With the current TV rights deal due to expire at the end of the season, Amazon broke the monopoly of Sky Sports and BT Sport to secure one of seven packages for 2019 to 2022.
This ensures that over £5.6 billion will be paid over the next three seasons, with 220 live games to be shown on TV and through Amazon’s streaming service.
Jordan detailed his plan for the league to become the “Netflix of football,” suggesting an £8-a-month subscription fee to broadcast games would eclipse the current income from BT, Sky and Amazon.
He described the Premier League in its current financial state as a “movie of the week,” comparing its revenue to that of the Iron Man franchise—which, of course, is not played 10 months a year.

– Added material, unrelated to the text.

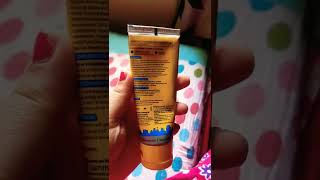 La shield gel sunscreen...spf 50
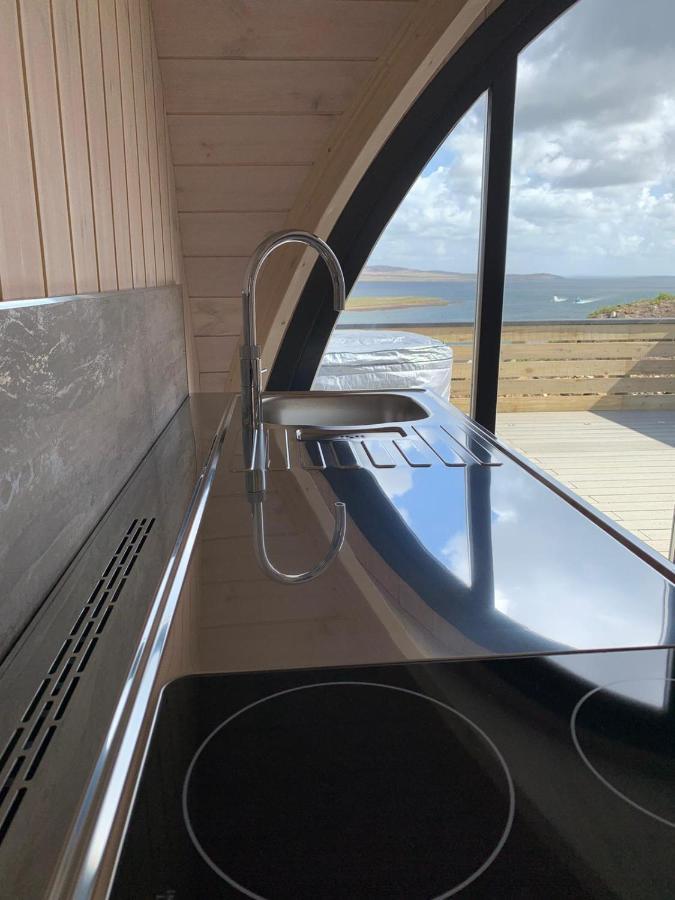 Orkney Lux Lodges - Hamnavoe Stromness Bagian luar foto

“I’ve spoken about the Premier League becoming the Netflix of football, ie. the video-on-demand platform that controls its own product,” he said.

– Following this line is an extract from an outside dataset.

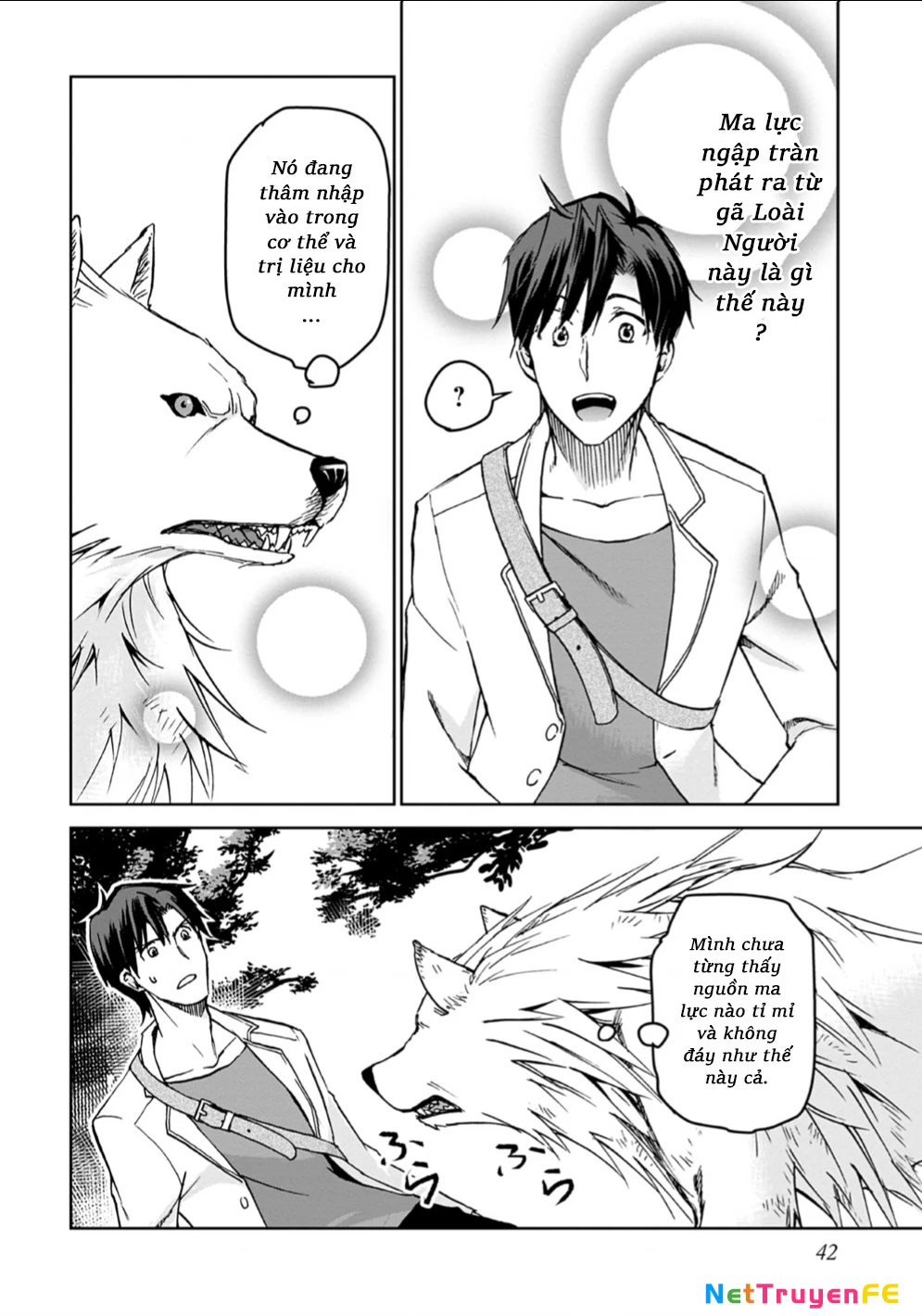 Isekai Ni Otosaretara... Jouka Wa Kihon! - Rơi Vào Dị Giới, Tôi Chủ Yếu Đi Thanh Tẩy! Chapter 2 - Trang 2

“Guess what Netflix does? It doesn’t have any content; it’s starting to get its own content, but it buys everybody else’s content. The Premier League‘s got its own content.
“If you had 100 million subscribers on ‘the Premier League TV’, like you’ve got with Netflix at £8 a month, you’d be bringing in £10 billion a year.”
“I spoke at a BT and Sunday Telegraph conference, about the business of football,” he explained.
“And it stunned me while sat in a room with the Liverpools and Tottenhams of the world, when the question was ‘what is the next frontier for football and its evolution financially?’, and the message was ‘if it ain’t broke, don’t fix it’.
“I’ve been out of football for six years as an owner, and I feel I’ve joined HG Wells in ‘The Time Machine’ and gone back with the bleeding Morlocks.
“How can it be that if it ain’t broke, don’t fix it?
“The broadcasters have one agenda: their own. BT is a telco that’s trying to make sure that its broadband business is protected, and that’s why it’s in football.
“And the challenges and opportunities for football are so engaging and so interesting, and so opportunistic.
“My view is the Premier League has an opportunity to become a broadcaster in its own right, and dwarf the revenues that it currently gets.”
It is certainly an attractive theory from Jordan, as though whether it is possible is questionable, it would be a much better situation for supporters.
Heading into next season, fans in England will be required to pay subscription fees to each of Sky, BT and Amazon to see their club in action—and there is no guarantee the majority of their games will be broadcast.
Liverpool fans are, in a way, fortunate as they are invariably on TV, but it can also be argued that the 3pm blackout law is now outdated, with the possibility of broadcasting every game through a ‘Season Pass’ more realistic.
This remains an unlikely reality, as the stranglehold Sky and BT in particular have on the Premier League seems unbreakable.
But with the developments in how TV is consumed in modern society, it is clearly worth considering whether football is moving in the right direction.